_WORK TO BE COMPLETED_
Please transcribe the data exactly as shown, skipping the images.

_AVAILABLE DATA_

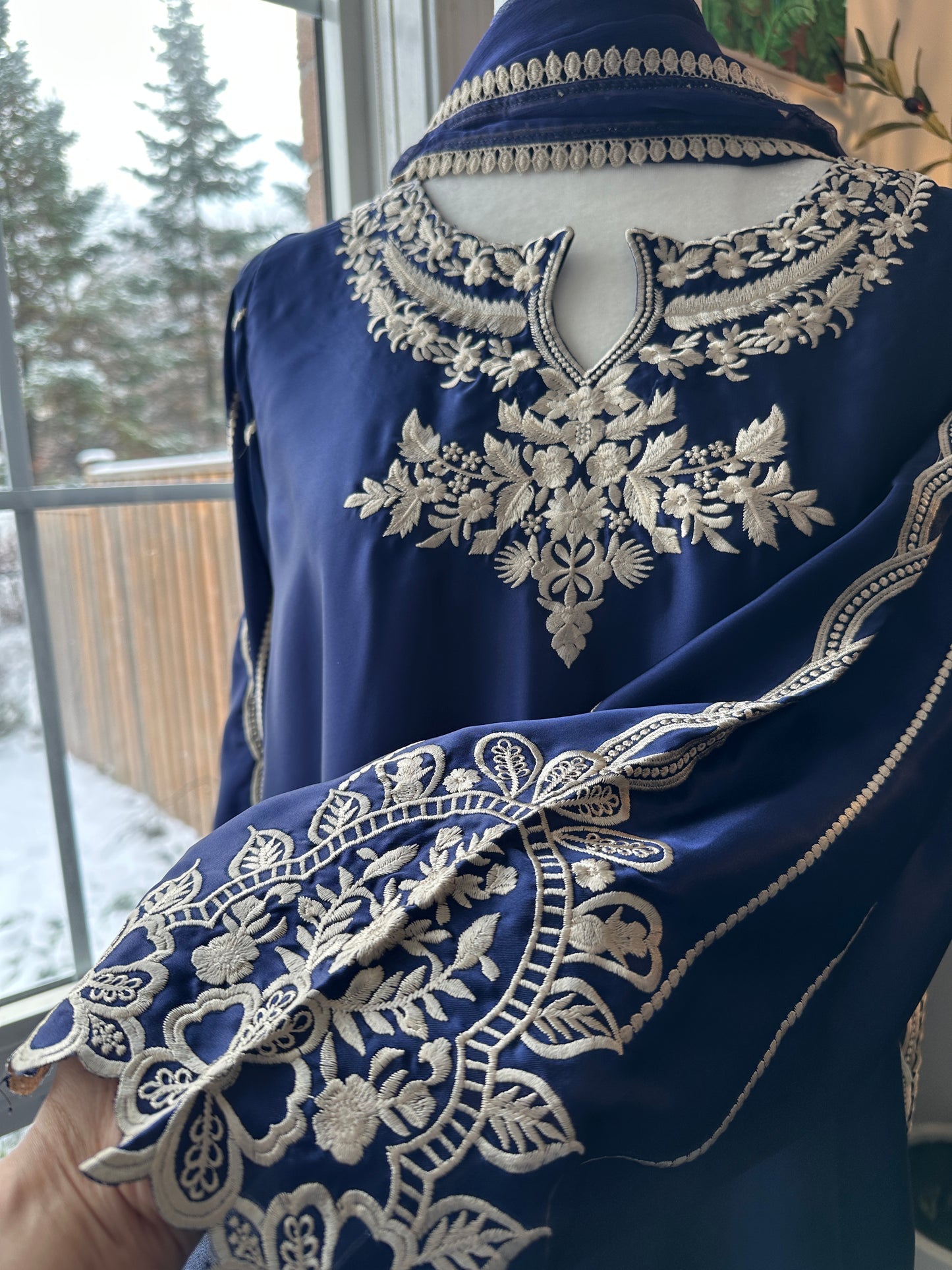Neel-e-Royaale – The Royal Embroidered Ensemble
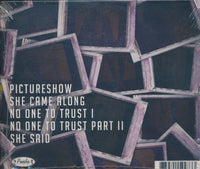 Social Club: Picture Show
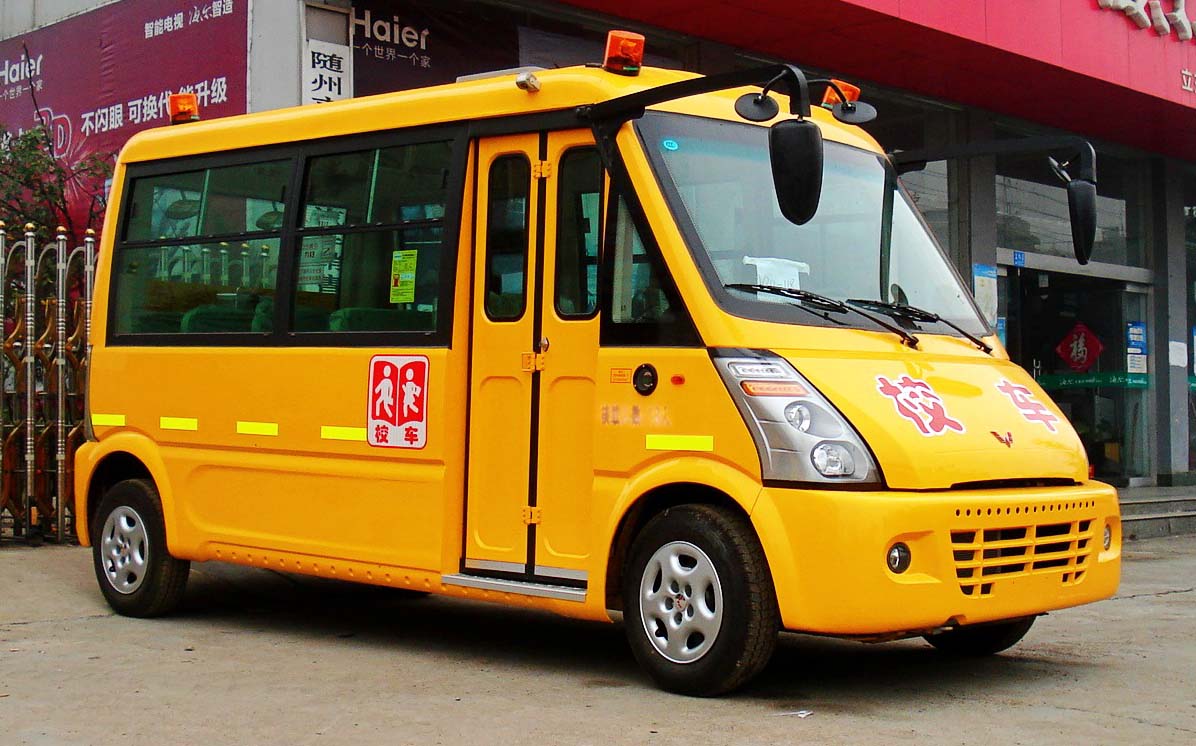 青島預下放校車審批權 實行使用許可專用章制度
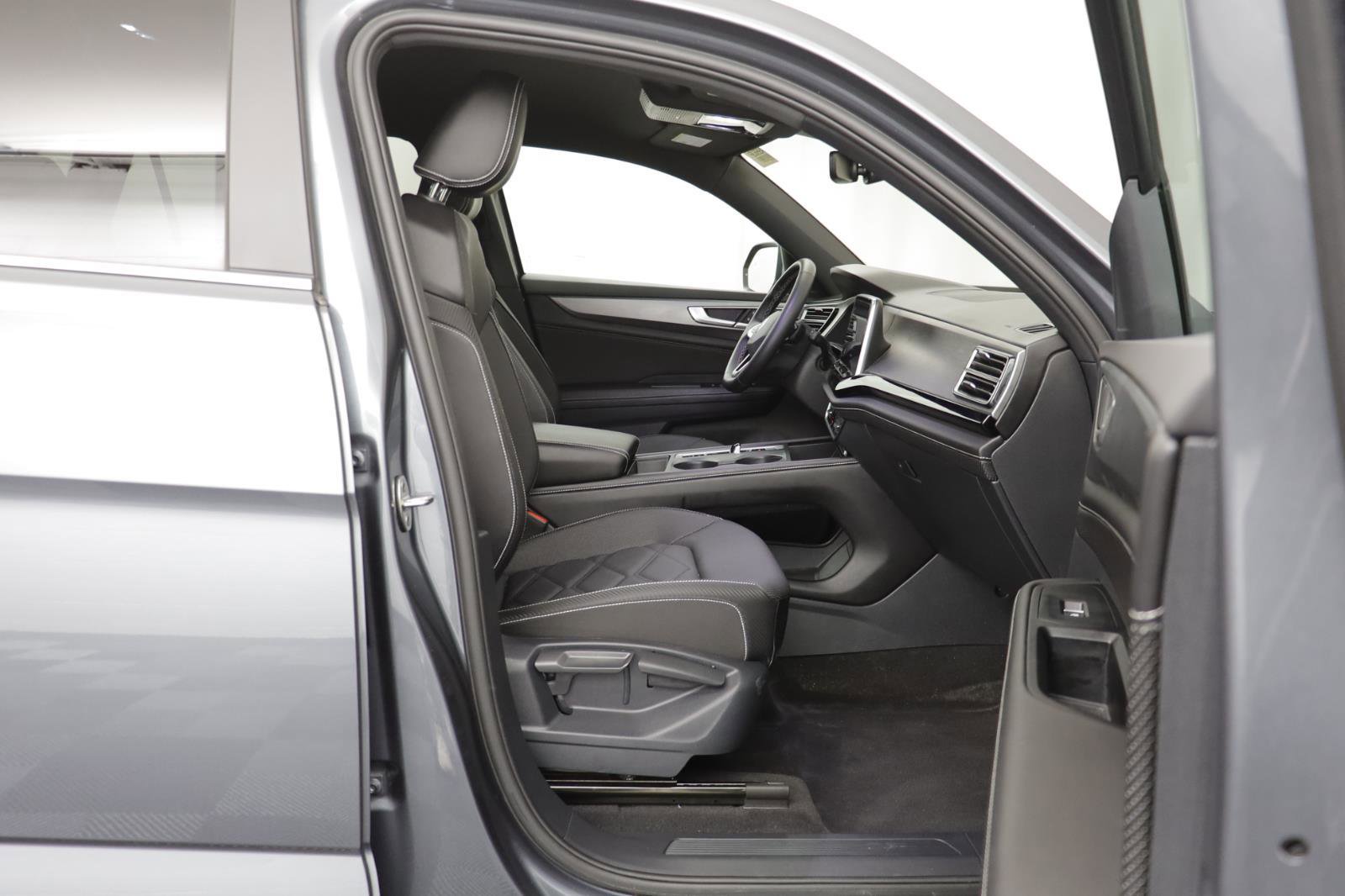 Used 2024 Volkswagen Atlas Cross Sport SE image 17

_ANSWER SPACE_
Neel-e-Royaale – The Royal Embroidered Ensemble
 Social Club: Picture Show
 青島預下放校車審批權 實行使用許可專用章制度
 Used 2024 Volkswagen Atlas Cross Sport SE image 17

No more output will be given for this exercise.